The most controversial aspect of Tropic Thunder is the decision to put Robert Downey Jr. in blackface. To call this a dangerous move is to understate matters. But Stiller has intelligence to go along with his balls. First, he chooses one of the best working actors to take on the part and Downey sells it. Second, he puts a real African American (Jackson) opposite Downey and lets the latter tear into the former. The point of giving Downey black skin is to illustrate how shallow the Hollywood system is: some producers would rather have a "name" actor in a totally unsuitable role than take a risk on someone more appropriate but less well-known. It's also a knock on those actors who believe that they're so good they can play any role. Downey portrays Lazarus as a man so totally in love with himself and his ability that he can't see how his work could be deemed offensive, even when Chino points out the obvious.
Of the three leads, Ben Stiller and Jack Black are fine, but neither is in the same league as Downey when it comes to getting laughs. The film's real acting intrigue lies in the list of supporting performers. At one point, I think it was intended to be a secret that Tom Cruise is in the film, but the cat's out of the bag. The fat, balding, profanity-spewing mogul is the almost unrecognizable Top Gun star, proving that he's not above moving beyond his comfort zone. Cruise doesn't do many comedies and he's never played a part quite like this one before. Other big actors taking small parts are Matthew McConaughey and Nick Nolte. And, as one might expect from someone like Stiller, who knows and is liked by nearly everyone in Hollywood, there are a large number of cameos.
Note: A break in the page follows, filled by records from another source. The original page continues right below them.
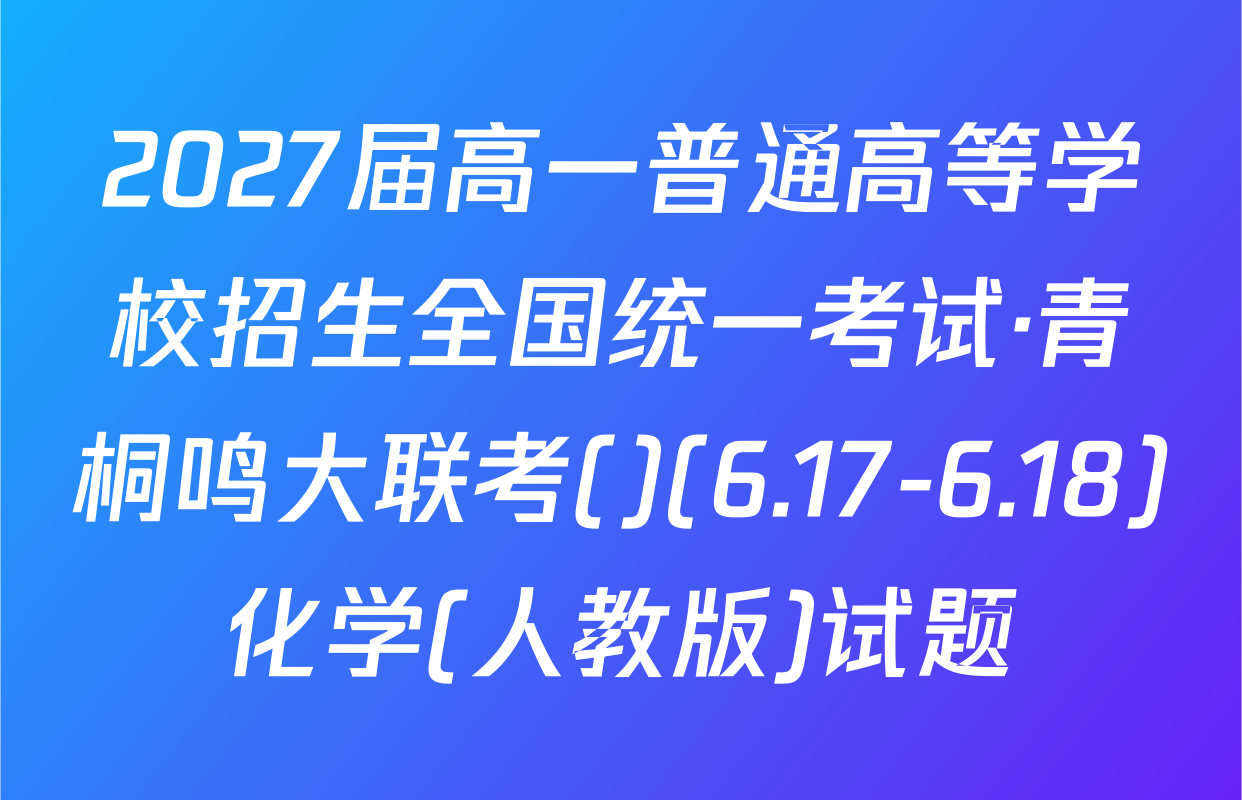 2027届高一普通高等学校招生全国统一考试·青桐鸣大联考()(6.17-6.18)化学(人教版)试题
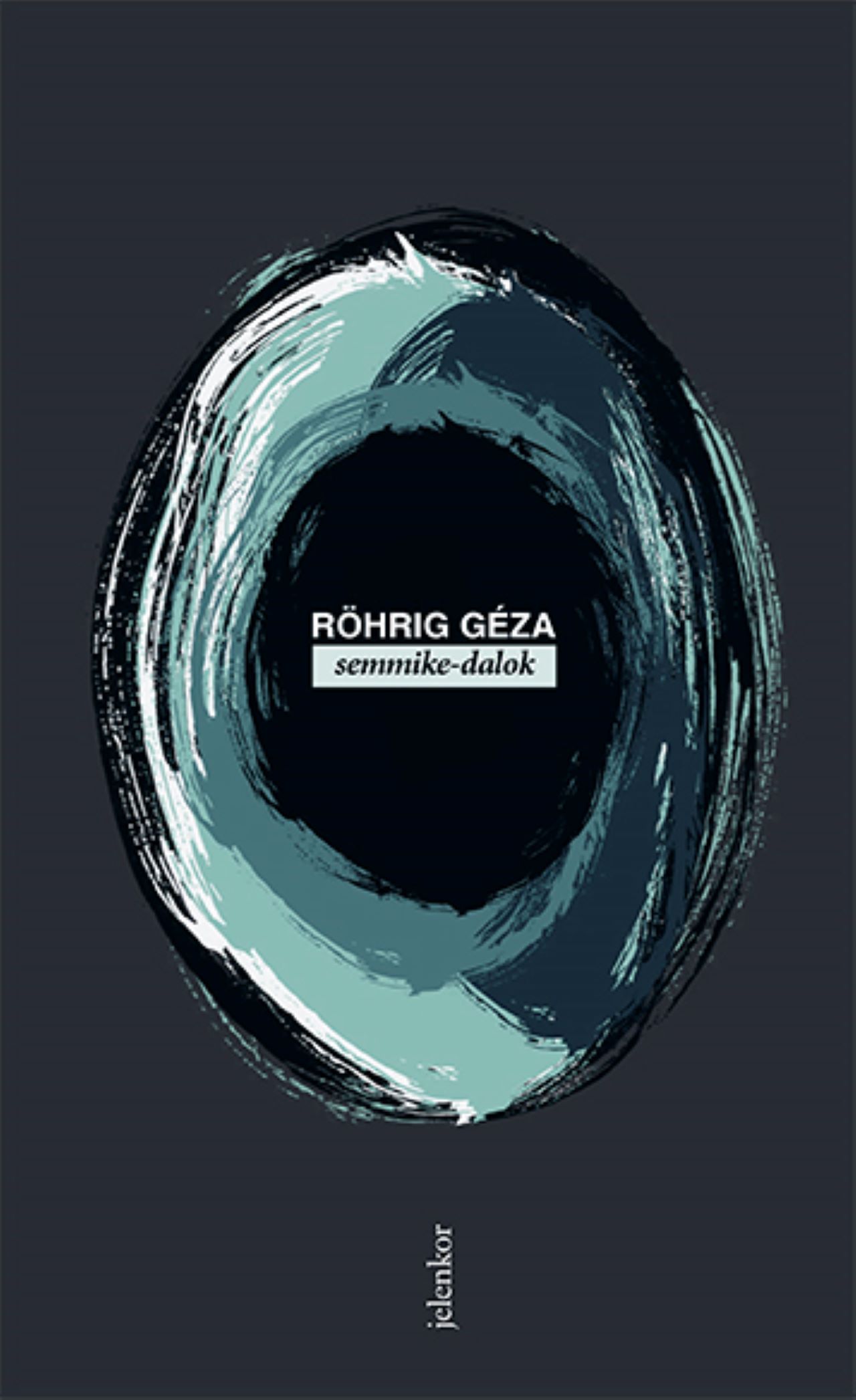 Röhrig Géza - semmike-dalok
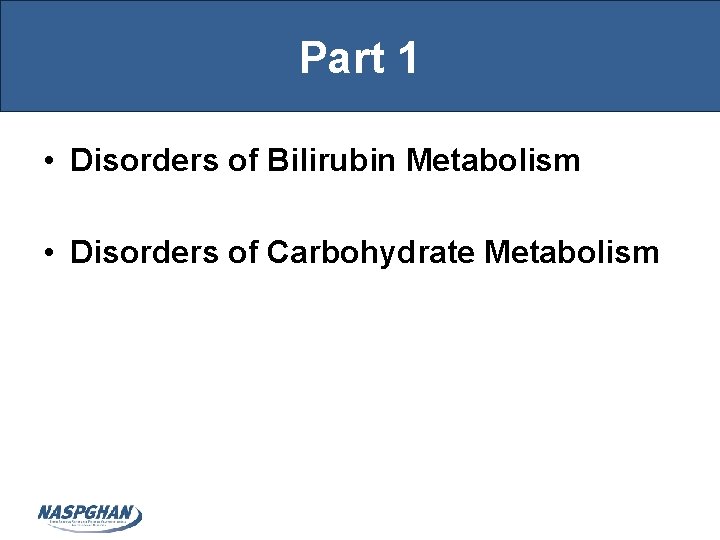 Part 1 • Disorders of Bilirubin Metabolism • Disorders of Carbohydrate Metabolism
There are similarities between Tropic Thunder and Pineapple Express beyond the fact that both films get a lot of mileage out of side-splitting R-rated humor. (It should be noted that Tropic Thunder is a rare rude, crude comedy that is not in any way associated with Judd Apatow or any of his close associates.) Both films weave overblown action scenes into their less-than-serious material, and neither film shrinks from gore. However, where Pineapple Express derives laughs from a mangled ear, Tropic Thunder takes things a step further.
The film is so high energy and over-the-top that it's likely to exhaust many audience members long before the closing credits roll. That's often a problem with comedies that run longer than 90 minutes. And, while McConaughey and Cruise work in their parts, Nick Nolte doesn't seem to fit. His character is intended to be gruff, but Nolte plays the part a little too seriously. The actor is apt at making action comedies - his 48 Hours is among the best - but he's a square peg in a round hole here.
Tropic Thunder opens brilliantly, with a fake soda commercial and a few real-seeming trailers that will have half the audience unsure whether the movie has begun. The actual movie isn't on par with this prologue material, but it doesn't have to be. It's good enough to get laughs and the flaws aren't bigger than the stuff that works. Stiller shows no fear and throws in copious pop culture references that range from Star Trek (a clip from the episode "Arena") to Close Encounters (a mound of heroin that looks like Devil's Tower) to 'N Sync. Tropic Thunder understands movies, understands the system in which they are created and, most of all, knows what it takes to make an audience roar with laughter.